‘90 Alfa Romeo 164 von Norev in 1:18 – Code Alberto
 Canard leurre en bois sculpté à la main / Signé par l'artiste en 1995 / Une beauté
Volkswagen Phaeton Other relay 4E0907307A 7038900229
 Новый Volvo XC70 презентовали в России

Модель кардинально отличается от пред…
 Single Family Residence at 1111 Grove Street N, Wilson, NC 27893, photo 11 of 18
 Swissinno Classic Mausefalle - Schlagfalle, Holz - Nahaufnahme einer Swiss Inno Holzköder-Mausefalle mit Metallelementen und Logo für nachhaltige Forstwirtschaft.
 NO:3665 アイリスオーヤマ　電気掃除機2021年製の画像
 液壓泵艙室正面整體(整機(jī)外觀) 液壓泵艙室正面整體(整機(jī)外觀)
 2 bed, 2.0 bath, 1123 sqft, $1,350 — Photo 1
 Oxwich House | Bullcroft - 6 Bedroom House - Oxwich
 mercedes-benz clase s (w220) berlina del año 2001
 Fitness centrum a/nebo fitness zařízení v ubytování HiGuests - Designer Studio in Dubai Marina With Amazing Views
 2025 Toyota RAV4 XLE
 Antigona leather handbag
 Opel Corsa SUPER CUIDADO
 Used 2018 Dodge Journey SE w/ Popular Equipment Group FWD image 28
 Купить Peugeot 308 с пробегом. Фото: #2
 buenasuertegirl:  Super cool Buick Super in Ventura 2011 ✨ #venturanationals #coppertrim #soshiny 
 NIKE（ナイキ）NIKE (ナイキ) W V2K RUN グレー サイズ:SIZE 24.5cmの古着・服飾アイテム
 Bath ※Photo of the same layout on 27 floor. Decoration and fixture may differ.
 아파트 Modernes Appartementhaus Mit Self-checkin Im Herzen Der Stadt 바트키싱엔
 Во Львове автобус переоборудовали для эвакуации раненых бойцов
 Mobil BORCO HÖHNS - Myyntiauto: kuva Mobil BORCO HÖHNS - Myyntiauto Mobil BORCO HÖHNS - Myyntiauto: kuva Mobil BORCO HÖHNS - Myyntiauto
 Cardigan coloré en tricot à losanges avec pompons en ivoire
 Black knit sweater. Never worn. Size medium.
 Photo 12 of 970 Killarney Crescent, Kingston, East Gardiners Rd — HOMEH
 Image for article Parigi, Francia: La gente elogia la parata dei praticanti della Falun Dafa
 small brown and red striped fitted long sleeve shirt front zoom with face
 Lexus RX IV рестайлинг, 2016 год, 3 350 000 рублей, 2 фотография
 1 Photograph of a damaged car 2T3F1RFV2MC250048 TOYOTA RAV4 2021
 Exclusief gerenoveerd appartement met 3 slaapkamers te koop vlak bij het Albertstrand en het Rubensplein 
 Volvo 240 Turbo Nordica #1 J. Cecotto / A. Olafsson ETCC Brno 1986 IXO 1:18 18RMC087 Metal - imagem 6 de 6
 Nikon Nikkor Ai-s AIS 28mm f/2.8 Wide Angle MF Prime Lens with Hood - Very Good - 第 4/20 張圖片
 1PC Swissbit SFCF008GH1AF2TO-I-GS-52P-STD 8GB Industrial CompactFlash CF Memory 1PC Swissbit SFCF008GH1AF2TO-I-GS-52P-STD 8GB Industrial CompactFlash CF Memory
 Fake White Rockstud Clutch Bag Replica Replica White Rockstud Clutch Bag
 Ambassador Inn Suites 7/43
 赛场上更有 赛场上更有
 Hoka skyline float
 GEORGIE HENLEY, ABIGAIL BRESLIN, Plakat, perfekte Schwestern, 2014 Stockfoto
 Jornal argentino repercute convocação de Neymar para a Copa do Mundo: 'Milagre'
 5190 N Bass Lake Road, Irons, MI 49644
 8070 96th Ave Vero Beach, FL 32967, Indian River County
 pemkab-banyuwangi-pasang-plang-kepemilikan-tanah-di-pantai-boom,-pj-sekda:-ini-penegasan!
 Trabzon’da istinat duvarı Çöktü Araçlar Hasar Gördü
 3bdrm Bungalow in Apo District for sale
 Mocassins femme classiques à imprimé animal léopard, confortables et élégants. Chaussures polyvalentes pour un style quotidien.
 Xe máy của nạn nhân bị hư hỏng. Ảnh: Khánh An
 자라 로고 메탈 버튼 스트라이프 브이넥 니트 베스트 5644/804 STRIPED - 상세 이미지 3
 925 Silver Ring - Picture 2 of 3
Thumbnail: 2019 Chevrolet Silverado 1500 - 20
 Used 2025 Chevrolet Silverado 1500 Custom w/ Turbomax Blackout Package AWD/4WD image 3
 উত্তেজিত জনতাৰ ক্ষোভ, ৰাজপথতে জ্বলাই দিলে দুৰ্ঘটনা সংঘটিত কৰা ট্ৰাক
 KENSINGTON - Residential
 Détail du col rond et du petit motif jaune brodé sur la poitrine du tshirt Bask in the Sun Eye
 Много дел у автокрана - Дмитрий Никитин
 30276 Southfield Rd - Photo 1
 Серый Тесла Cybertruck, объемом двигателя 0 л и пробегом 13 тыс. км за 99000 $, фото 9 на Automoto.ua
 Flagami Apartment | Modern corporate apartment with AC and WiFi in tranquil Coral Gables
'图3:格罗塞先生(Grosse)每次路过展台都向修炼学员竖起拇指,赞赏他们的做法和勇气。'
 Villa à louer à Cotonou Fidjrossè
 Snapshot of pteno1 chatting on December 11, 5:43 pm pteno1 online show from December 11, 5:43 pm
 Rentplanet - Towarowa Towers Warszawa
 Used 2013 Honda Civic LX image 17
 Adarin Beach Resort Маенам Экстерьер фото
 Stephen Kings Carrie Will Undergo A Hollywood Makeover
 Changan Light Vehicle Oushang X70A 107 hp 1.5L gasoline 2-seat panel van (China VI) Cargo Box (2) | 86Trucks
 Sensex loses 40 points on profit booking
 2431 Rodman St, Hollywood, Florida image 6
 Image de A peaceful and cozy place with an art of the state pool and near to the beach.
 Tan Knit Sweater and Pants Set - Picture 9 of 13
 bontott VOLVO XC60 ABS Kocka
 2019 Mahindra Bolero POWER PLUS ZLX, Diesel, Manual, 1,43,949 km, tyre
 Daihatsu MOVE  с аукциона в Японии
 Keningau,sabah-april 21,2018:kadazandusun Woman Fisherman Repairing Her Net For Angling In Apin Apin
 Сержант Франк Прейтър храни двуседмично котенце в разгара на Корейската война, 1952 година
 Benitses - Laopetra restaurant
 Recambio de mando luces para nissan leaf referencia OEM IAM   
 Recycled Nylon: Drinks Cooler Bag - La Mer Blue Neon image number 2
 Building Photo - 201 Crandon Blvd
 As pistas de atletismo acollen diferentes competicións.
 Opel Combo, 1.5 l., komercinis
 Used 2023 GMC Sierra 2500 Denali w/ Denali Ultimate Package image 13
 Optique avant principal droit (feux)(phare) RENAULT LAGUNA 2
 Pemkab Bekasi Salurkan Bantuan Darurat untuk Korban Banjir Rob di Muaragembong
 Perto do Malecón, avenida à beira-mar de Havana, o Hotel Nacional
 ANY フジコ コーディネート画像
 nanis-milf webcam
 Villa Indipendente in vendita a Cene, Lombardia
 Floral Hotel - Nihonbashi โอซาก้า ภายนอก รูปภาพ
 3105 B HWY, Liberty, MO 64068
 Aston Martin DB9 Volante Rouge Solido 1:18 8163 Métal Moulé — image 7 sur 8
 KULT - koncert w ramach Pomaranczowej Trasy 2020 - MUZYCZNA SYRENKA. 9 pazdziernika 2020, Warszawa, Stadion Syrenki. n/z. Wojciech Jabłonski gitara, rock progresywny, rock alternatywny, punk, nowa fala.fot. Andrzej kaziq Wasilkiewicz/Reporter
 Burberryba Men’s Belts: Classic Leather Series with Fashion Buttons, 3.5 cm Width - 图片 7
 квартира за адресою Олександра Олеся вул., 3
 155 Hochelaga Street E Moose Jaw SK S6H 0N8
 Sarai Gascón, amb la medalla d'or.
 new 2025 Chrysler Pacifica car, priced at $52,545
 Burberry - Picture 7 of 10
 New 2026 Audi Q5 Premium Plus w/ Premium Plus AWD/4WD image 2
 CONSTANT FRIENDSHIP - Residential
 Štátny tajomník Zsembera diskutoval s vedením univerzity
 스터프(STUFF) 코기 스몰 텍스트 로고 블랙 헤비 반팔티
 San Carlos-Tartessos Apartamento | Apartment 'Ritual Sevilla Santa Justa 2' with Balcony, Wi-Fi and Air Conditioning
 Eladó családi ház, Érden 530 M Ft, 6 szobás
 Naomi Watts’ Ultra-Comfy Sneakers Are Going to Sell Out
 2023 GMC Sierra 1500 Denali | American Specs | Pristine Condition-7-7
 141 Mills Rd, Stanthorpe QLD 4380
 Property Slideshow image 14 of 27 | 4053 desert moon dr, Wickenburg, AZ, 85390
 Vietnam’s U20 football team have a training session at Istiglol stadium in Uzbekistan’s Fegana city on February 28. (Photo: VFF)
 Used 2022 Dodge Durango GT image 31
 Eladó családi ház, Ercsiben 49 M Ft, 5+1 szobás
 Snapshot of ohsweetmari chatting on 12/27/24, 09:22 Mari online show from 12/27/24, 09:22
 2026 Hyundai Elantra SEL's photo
______________________________
● The problem:
In the entries above, please find the line with "자라 로고 메탈 버튼" and the line with "Used 2013 Honda Civic LX image 17", then write out exactly those two lines and every line between them, and nothing more.

● Result of the exercise:
 자라 로고 메탈 버튼 스트라이프 브이넥 니트 베스트 5644/804 STRIPED - 상세 이미지 3
 925 Silver Ring - Picture 2 of 3
Thumbnail: 2019 Chevrolet Silverado 1500 - 20
 Used 2025 Chevrolet Silverado 1500 Custom w/ Turbomax Blackout Package AWD/4WD image 3
 উত্তেজিত জনতাৰ ক্ষোভ, ৰাজপথতে জ্বলাই দিলে দুৰ্ঘটনা সংঘটিত কৰা ট্ৰাক
 KENSINGTON - Residential
 Détail du col rond et du petit motif jaune brodé sur la poitrine du tshirt Bask in the Sun Eye
 Много дел у автокрана - Дмитрий Никитин
 30276 Southfield Rd - Photo 1
 Серый Тесла Cybertruck, объемом двигателя 0 л и пробегом 13 тыс. км за 99000 $, фото 9 на Automoto.ua
 Flagami Apartment | Modern corporate apartment with AC and WiFi in tranquil Coral Gables
'图3:格罗塞先生(Grosse)每次路过展台都向修炼学员竖起拇指,赞赏他们的做法和勇气。'
 Villa à louer à Cotonou Fidjrossè
 Snapshot of pteno1 chatting on December 11, 5:43 pm pteno1 online show from December 11, 5:43 pm
 Rentplanet - Towarowa Towers Warszawa
 Used 2013 Honda Civic LX image 17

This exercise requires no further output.